FLoS: Organic Chemistry & Natural Products, Short talk

A synthetic strategy based on the hydrophobic effect to build molecular interlocked structures

F. B. Cougnon1, K. Caprice1
1Department of Organic Chemistry, University of Geneva, 30 Quai Ernest Ansermet 1211 Geneva, Switzerland

In spite of significant efforts spanned over the past 40 years, synthesising molecular links and knots more complex than [2]catenanes remains one of the biggest challenges of modern chemistry. Traditional approaches to build interlocked molecules consist in pre-organizing building blocks using metal templation, hydrogen-bonds or donor-acceptor pi-pi interactions.1,2 The recent discovery of a trefoil knot by the Sanders group suggests that exploiting the hydrophobic effect could provide the basis of a powerful alternative strategy.3 Inspired by this discovery, we hypothesised that hydrophobic building blocks could self-assemble in water into complex interlocked architectures depending on: 1) the size of the p-surface; 2) the amount of flexibility; and 3) the geometry of each parts. We present here a simple system where all these parameters can be varied with ease. The linkage between the building blocks is reversible (e.g. imine, hydrazine and oxime bonds). When the all these parameters are favourable, a mechanism of error-correction transforms trivial macrocycles into the thermodynamically more stable interlocked structure. We first proved the validity of our approach with the synthesis of a [2]catenane. We believe that the same system will soon allow us to build more complex topologies.

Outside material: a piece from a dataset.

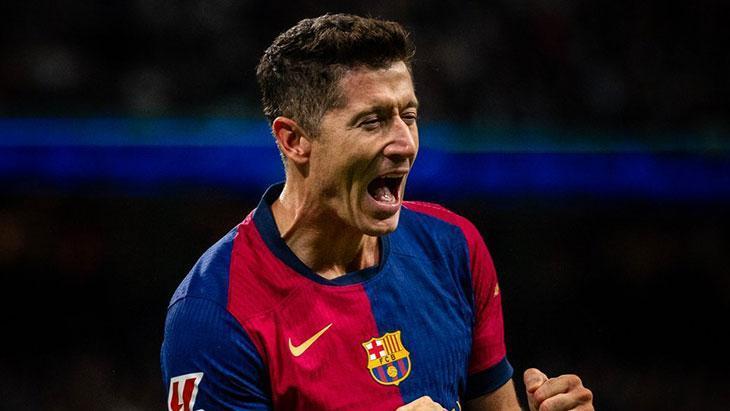 Barcelona, Real Madrid deplasmanında gösteriyle kazandı!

[1] Ross S. Forgan, Jean Pierre Sauvage, J. Fraser Stoddart, Chemical Reviews, 2011, 111, 5434–5464.
[2] Jean-François Ayme, Jon E. Beves, C. J. Campbell, David A. Leigh, Chemical Society Reviews, 2013, 42, 1700-1712.
[3] Nandhini Ponnuswamy, Fabien B. L. Cougnon, Jessica M. Clough, G. Dan Pantoş, Jeremy K. M. Sanders, Science, 2012, 338, 783-785.